Short descriptive text snippets
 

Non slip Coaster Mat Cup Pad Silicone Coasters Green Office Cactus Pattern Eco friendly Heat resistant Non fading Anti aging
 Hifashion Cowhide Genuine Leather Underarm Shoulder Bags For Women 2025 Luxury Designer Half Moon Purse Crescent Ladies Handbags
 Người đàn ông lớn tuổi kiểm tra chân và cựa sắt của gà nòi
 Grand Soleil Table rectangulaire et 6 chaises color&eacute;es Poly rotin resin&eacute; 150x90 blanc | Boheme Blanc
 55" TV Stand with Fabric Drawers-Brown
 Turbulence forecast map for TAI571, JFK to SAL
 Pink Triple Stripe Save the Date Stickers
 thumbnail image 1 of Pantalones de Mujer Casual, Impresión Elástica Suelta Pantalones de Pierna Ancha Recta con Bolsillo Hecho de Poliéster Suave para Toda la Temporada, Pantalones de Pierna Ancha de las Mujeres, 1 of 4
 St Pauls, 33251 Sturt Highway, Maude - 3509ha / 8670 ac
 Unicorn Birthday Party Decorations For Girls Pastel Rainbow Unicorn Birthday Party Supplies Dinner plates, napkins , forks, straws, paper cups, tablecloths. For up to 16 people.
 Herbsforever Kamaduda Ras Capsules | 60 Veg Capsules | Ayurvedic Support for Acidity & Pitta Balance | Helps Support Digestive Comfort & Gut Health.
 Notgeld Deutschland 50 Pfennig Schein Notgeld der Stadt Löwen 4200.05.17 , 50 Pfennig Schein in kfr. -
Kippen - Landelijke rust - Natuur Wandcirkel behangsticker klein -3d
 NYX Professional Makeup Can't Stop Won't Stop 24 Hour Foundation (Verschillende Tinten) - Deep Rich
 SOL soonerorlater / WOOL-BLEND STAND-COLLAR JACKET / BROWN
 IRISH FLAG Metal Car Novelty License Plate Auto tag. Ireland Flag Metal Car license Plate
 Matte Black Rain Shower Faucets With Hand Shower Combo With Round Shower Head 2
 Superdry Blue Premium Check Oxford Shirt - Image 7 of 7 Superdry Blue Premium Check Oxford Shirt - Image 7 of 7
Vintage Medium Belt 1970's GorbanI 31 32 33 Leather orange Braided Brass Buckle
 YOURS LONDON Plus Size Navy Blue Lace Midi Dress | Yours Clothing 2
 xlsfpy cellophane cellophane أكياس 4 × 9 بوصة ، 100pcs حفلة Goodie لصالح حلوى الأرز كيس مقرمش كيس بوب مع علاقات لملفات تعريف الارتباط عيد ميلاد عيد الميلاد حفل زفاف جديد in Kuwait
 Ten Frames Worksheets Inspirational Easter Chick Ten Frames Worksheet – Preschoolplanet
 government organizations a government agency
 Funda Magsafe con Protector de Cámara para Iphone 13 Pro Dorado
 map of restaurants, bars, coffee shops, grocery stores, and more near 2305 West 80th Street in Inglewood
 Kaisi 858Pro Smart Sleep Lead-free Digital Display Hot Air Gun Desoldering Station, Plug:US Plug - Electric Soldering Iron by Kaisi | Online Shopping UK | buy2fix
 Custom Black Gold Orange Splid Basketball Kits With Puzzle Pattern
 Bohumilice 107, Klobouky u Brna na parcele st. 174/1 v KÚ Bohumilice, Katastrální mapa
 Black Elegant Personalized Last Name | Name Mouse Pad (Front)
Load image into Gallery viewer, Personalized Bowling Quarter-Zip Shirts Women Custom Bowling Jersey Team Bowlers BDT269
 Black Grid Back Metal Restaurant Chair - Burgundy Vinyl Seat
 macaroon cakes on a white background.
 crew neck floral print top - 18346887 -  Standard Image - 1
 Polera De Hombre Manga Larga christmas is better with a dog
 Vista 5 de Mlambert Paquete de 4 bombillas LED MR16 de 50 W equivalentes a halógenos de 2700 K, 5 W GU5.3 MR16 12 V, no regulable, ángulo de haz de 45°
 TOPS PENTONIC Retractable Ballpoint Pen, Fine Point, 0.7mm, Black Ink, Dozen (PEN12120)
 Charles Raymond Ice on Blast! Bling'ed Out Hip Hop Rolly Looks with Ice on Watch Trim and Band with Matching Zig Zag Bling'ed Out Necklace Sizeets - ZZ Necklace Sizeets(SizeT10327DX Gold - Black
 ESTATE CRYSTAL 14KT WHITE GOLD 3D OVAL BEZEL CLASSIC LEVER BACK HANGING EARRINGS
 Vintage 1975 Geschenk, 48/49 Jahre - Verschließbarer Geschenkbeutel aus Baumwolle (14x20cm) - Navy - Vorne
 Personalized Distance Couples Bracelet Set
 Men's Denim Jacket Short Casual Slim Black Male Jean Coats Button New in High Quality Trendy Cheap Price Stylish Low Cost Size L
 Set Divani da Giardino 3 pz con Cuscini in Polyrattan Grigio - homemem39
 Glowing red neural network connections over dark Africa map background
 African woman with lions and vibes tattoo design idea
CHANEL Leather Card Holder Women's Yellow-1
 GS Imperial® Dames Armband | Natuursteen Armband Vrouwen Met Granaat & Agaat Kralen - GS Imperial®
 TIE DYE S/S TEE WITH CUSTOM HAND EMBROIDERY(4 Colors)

■ **Problem details**
Given the records above, restate word for word only the lines starting at the one with "Load image into" and ending at the one with "Men's Denim Jacket".

■ **The answer**
Load image into Gallery viewer, Personalized Bowling Quarter-Zip Shirts Women Custom Bowling Jersey Team Bowlers BDT269
 Black Grid Back Metal Restaurant Chair - Burgundy Vinyl Seat
 macaroon cakes on a white background.
 crew neck floral print top - 18346887 -  Standard Image - 1
 Polera De Hombre Manga Larga christmas is better with a dog
 Vista 5 de Mlambert Paquete de 4 bombillas LED MR16 de 50 W equivalentes a halógenos de 2700 K, 5 W GU5.3 MR16 12 V, no regulable, ángulo de haz de 45°
 TOPS PENTONIC Retractable Ballpoint Pen, Fine Point, 0.7mm, Black Ink, Dozen (PEN12120)
 Charles Raymond Ice on Blast! Bling'ed Out Hip Hop Rolly Looks with Ice on Watch Trim and Band with Matching Zig Zag Bling'ed Out Necklace Sizeets - ZZ Necklace Sizeets(SizeT10327DX Gold - Black
 ESTATE CRYSTAL 14KT WHITE GOLD 3D OVAL BEZEL CLASSIC LEVER BACK HANGING EARRINGS
 Vintage 1975 Geschenk, 48/49 Jahre - Verschließbarer Geschenkbeutel aus Baumwolle (14x20cm) - Navy - Vorne
 Personalized Distance Couples Bracelet Set
 Men's Denim Jacket Short Casual Slim Black Male Jean Coats Button New in High Quality Trendy Cheap Price Stylish Low Cost Size L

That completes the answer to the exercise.